- _WHAT IS EXPECTED_: What to return is the tail of the data, from the line that contains "One Step Self" down to the last line, copied exactly.

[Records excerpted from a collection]

Start of Block

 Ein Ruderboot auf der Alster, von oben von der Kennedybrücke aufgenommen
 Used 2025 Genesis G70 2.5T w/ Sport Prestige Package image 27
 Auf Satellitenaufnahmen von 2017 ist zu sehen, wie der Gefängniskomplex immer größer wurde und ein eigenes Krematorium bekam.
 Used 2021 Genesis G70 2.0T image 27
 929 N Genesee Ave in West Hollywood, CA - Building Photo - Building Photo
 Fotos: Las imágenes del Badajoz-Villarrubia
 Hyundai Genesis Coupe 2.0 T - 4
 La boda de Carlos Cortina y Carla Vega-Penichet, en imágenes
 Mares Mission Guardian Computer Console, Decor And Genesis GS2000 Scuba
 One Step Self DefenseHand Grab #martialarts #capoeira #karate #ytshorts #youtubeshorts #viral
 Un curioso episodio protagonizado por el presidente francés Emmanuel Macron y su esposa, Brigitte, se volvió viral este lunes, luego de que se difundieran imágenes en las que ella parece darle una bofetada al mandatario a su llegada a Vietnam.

End of Block

- _EXERCISE ANSWER_:
 One Step Self DefenseHand Grab #martialarts #capoeira #karate #ytshorts #youtubeshorts #viral
 Un curioso episodio protagonizado por el presidente francés Emmanuel Macron y su esposa, Brigitte, se volvió viral este lunes, luego de que se difundieran imágenes en las que ella parece darle una bofetada al mandatario a su llegada a Vietnam.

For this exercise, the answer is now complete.